Start of Supplied information

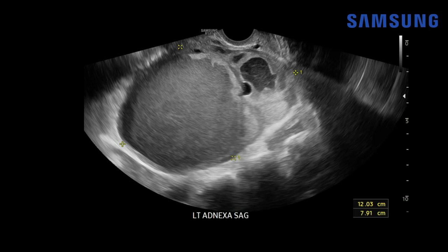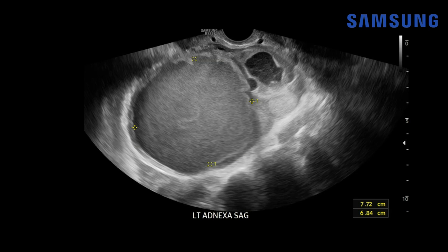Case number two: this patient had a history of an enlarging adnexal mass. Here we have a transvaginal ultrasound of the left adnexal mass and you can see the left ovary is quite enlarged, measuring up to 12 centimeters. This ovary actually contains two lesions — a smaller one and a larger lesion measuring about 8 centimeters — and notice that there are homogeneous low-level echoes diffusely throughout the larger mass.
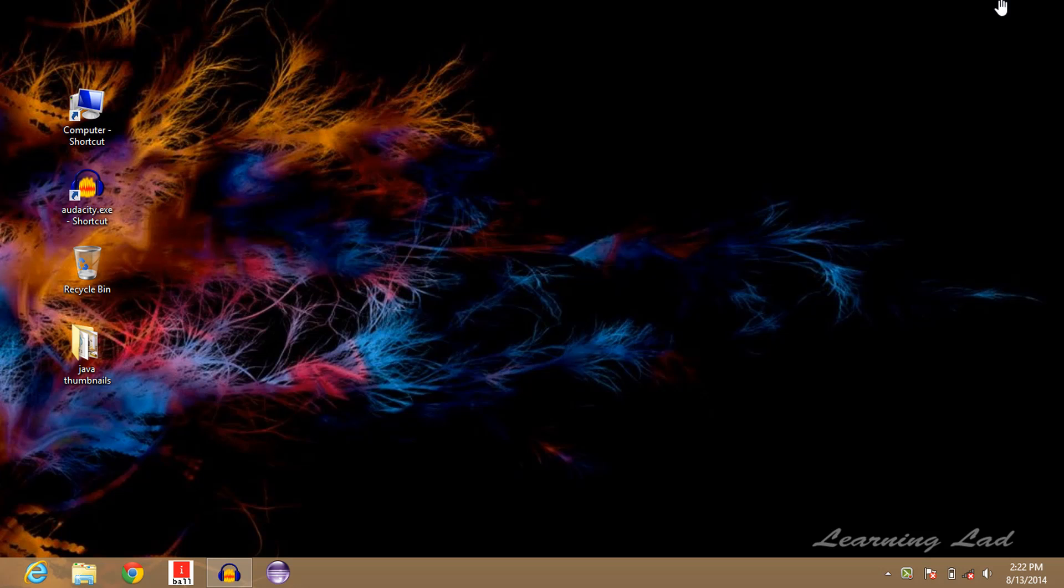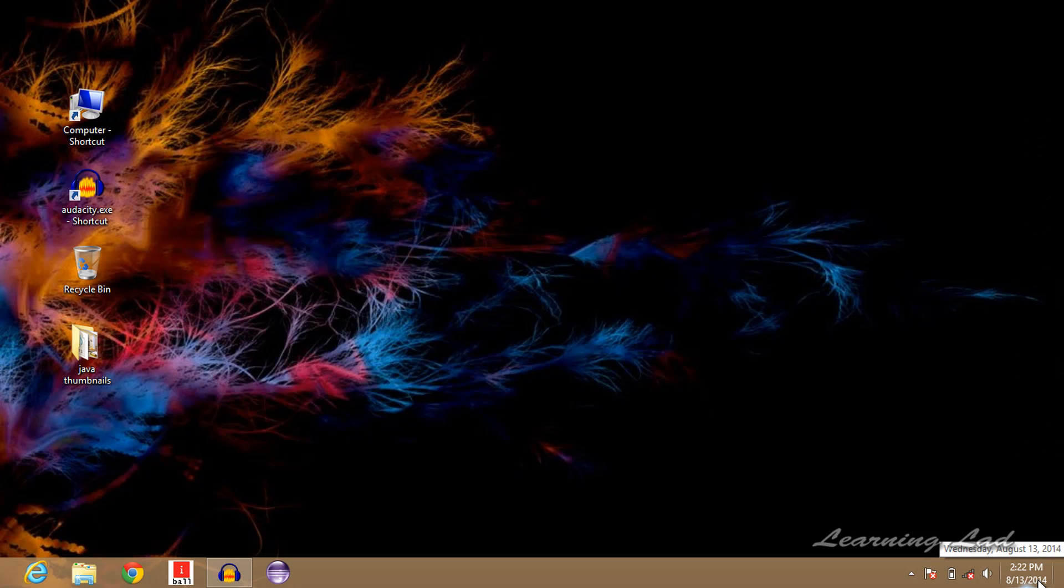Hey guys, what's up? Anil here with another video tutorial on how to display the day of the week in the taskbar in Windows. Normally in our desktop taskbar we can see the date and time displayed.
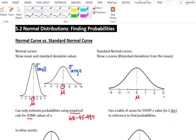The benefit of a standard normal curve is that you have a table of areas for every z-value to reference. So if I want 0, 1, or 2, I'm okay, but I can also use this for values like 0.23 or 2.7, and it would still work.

End of Supplied information

Exercise instructions:
In your copy of the material, match every word exactly and include no pictures.

Expected answer:
Case number two: this patient had a history of an enlarging adnexal mass. Here we have a transvaginal ultrasound of the left adnexal mass and you can see the left ovary is quite enlarged, measuring up to 12 centimeters. This ovary actually contains two lesions — a smaller one and a larger lesion measuring about 8 centimeters — and notice that there are homogeneous low-level echoes diffusely throughout the larger mass.
Hey guys, what's up? Anil here with another video tutorial on how to display the day of the week in the taskbar in Windows. Normally in our desktop taskbar we can see the date and time displayed.
The benefit of a standard normal curve is that you have a table of areas for every z-value to reference. So if I want 0, 1, or 2, I'm okay, but I can also use this for values like 0.23 or 2.7, and it would still work.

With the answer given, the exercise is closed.